Definition に記述した内容は上記の通り。
ひらがな、カタカナ、漢字、英数字、絵文字、min_length(最小文字数)、max_length(最大文字数)に合致したものがtrueとして動きます。(true => バリデーション成功)

GUI上で作成した関数はそのままSQL Editorで使うことができます。

SQL Editor
alter table public.profiles
add constraint valid_regex_name
check (
  name ~ regex_japanese(1, 30)
)

これで上に定めた条件が適用されます。

nameの値を '' という空の状態でPOSTした結果が上記です。
INSERT / UPDATE のタイミングで動き、しっかりと制約が働いていることが分かります。

※なお、INSERT / UPDATEについてはRLSで uid() = id のように書き込み権限を別途付与しておく必要があります。

バリデーション方法は以上で終わり!constraint_nameの管理をどうしようか。

SELECT * FROM INFORMATION_SCHEMA.TABLE_CONSTRAINTS
WHERE TABLE_SCHEMA = 'public' AND table_name = 'profiles'

で適用中の制約を確認することができます。テーブル毎に表示することができますが、カラム毎に制約を確認することができません。超分かりづらいし、管理が難しいので命名規則が超重要になってきそうです。

例えば、名前の末尾に _カラム名 とするルールを作れば、

SELECT * FROM INFORMATION_SCHEMA.TABLE_CONSTRAINTS
WHERE TABLE_SCHEMA = 'public' AND table_name = 'profiles' AND constraint_name LIKE '%_カラム名'

で指定したテーブルの指定したカラム名に絞って制約を引っ張り出すことができそうです。

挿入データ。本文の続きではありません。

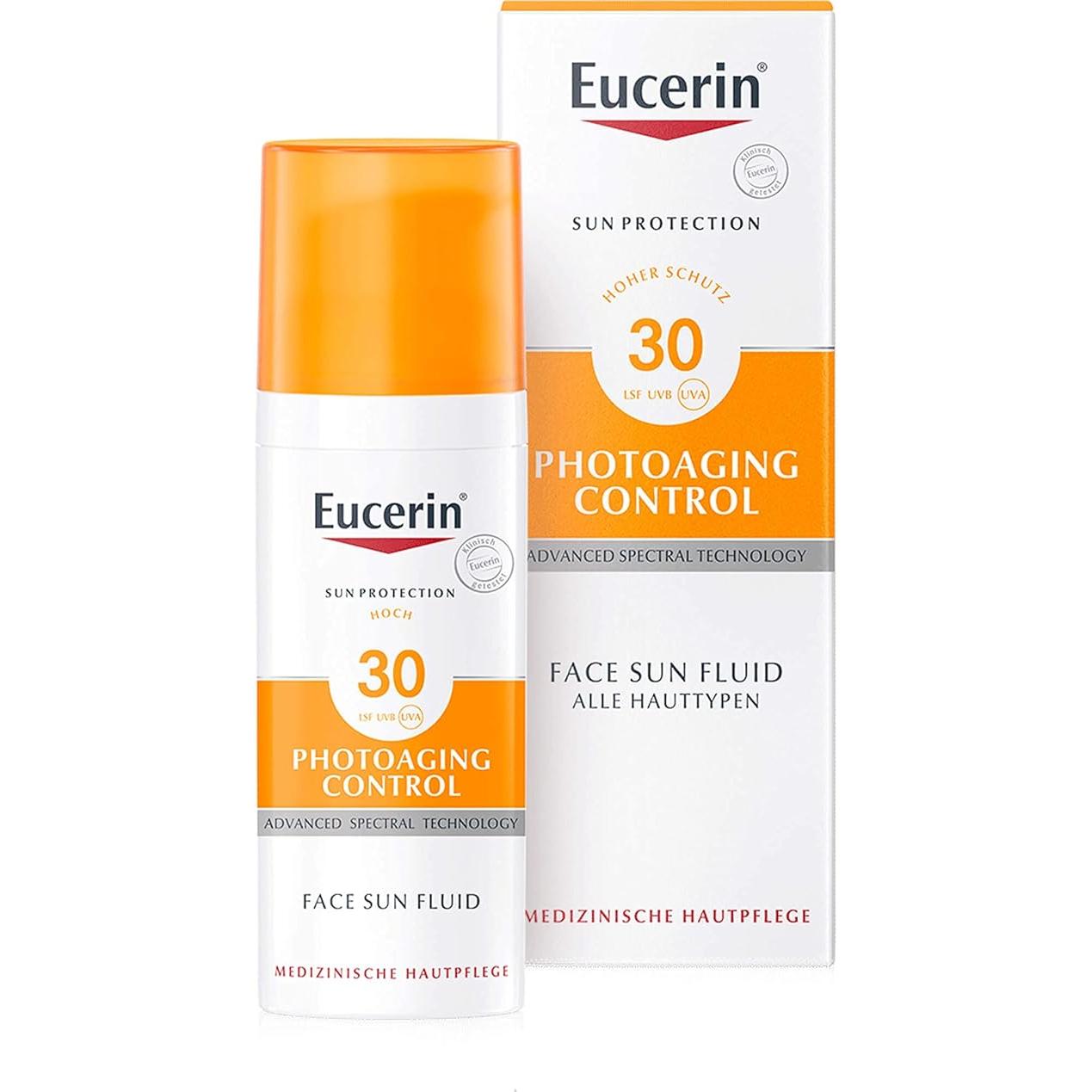 Eucerin Fluido solar para rostro con ácido hialurónico y licochalcona A, SPF30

この辺りはどうやって運用するといいかは分からないのでPostgreSQLの大先輩たちに意見を伺いたいところです。

関数の記述を確認したい

https://zenn.dev/link/comments/171d69847f3b23
こちらに書きました。

【2023年11月30日追記】トリガーを使って値を検証するのもアリ!

Supabase(Postgres)のトリガー機能を使って Before のタイミングで値を検証するのもアリです!Next.jsで開発しているのであれば、Server ActionsやAPI Routesを用いてサーバー側で検証しても良いでしょう。またはSupabaseのEdge Functionsでも可。しかし、僕はアプリケーションサーバー側でリソースを使いたくないタイプの人なので、トリガーを用いて値を検証することにしています。